Winnipeg Free Press - PRINT EDITION
Possible conflict of interest taints G-G poetry award
Poet Di Brandt (BRANDON SUN ARCHIVES)
The anger has subsided. The bloggers have moved on to other topics. And the poets, after enjoying their brief moment in the sun, have returned to the task of chipping crystalline imagery from the granite of their souls.
It's too early to tell, however, if any lessons have been learned.
At the Governor General's Literary Awards Nov. 18, the $25,000 cheque for English-language poetry was given to Jacob Sheier, a Toronto poet living in New York, for his debut collection, More to Keep Us Warm.
Within 24 hours, eyebrows had been raised by Sheier's fellow poets on the CanLit website Bookninja.com.
Sheier's win, it seems, was tainted by apparent conflict of interest. In his book's acknowledgements, he had thanked by name two of the three jurors.
Manitoba's own Di Brandt had helped him with some translating and some editing, and Toronto's Pier Giorgia De Cicco had provided a blurb for the cover.
Even in the incestuous world of Canadian literature, this seemed a little close for comfort.
"It is a serious signal that something is deeply wrong with the process that this could happen," Bookninja's editor, the Newfoundland-based poet George Murray, wrote. "Is there no vetting of jurors? Is there no oversight of the process?"
Enough of a stink was made that the poets' complaints found their way into the mainstream press. A Toronto Star story quoted Melanie Rutledge, the head of the writing and publishing program of the Canada Council, which administer's the G-Gs.

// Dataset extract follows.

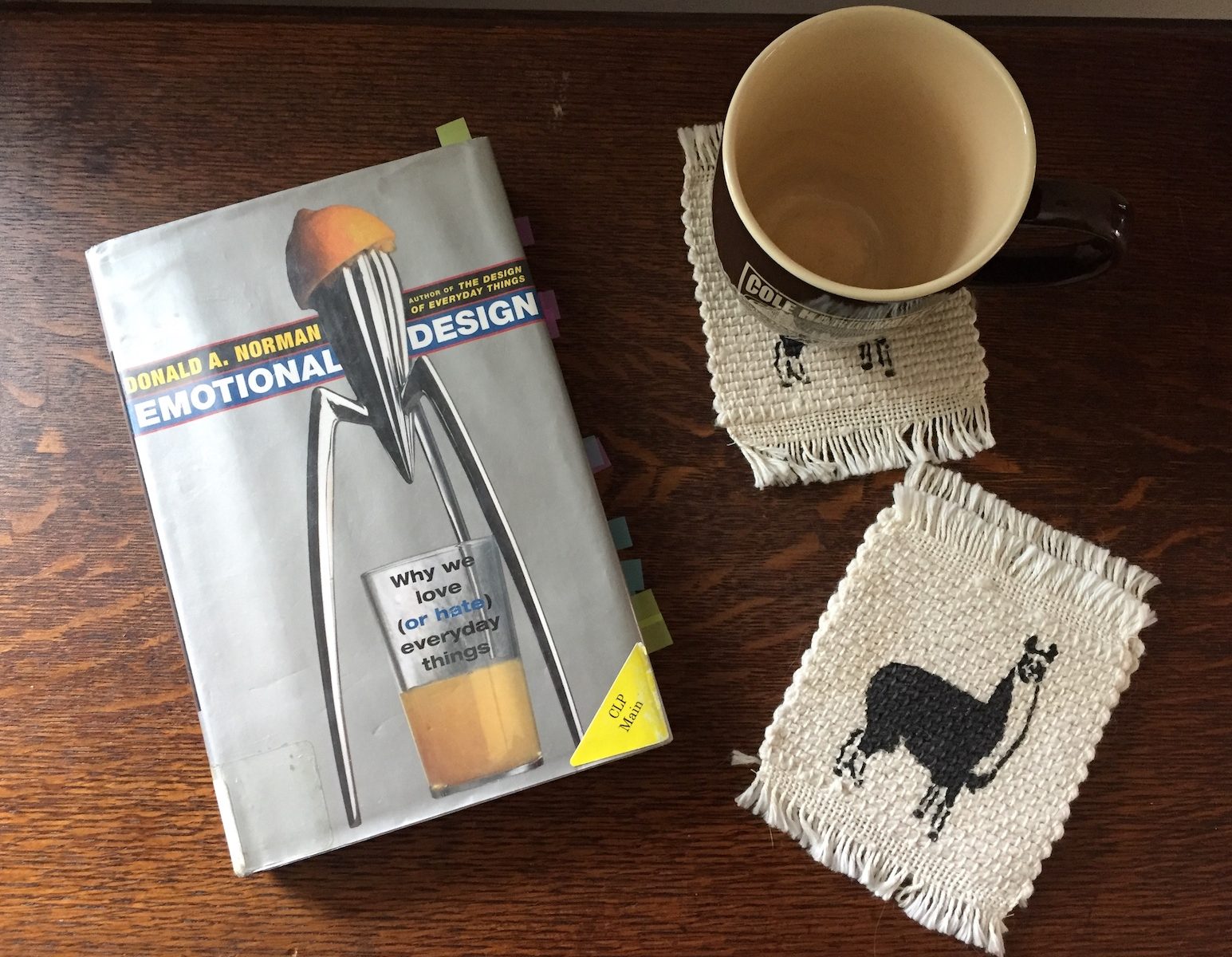 The book "Emotional Design" by Don Norman, sitting next to coasters depicting a llama and a brown coffee mug.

"We stand behind the process," Rutledge said. "At the same time, if some in the poetry community believe that we should not have been satisfied with the committee's ability to be 100 per cent objective, then we must graciously and responsibly accept this feedback and continue to try to do the best we can."
Brandt, a former G-G winner herself, has been less conciliatory.
"We have a small poetry community in Canada, and knowing each other personally or having influenced or inspired each other cannot be considered a conflict of interest as such," she wrote to me in an e-mail, "because such influence and inspiration is ubiquitous."
Brandt, who teaches at Brandon University, was also eager to shoot the messenger.
"Why don't you read the book and talk about it instead of trying to proliferate a cheap and unworthy 'controversy'?" she asked.
Indeed, the Free Press poetry reviewer, Maurice Mierau, did read it. Last March he called More to Keep Us Warm "a promising debut" and noted Brandt's co-translation of a Rilke poem.
Still, Brandt's point here is well taken. Anyone who has served on an arts jury knows that a kind of peer pressure works to ensure that all members give it their best shot.
They also know, of course, that there is seldom unanimity in deciding a winner. Usually horse-trading is involved, and the top prize goes to the compromise nominee.
Hey, it worked for Stéphane Dion (for one election, at least), so what's the big deal?
Besides, the narrower the artistic discipline, the tougher it is to find jurists who have not had some dealings with the nominees.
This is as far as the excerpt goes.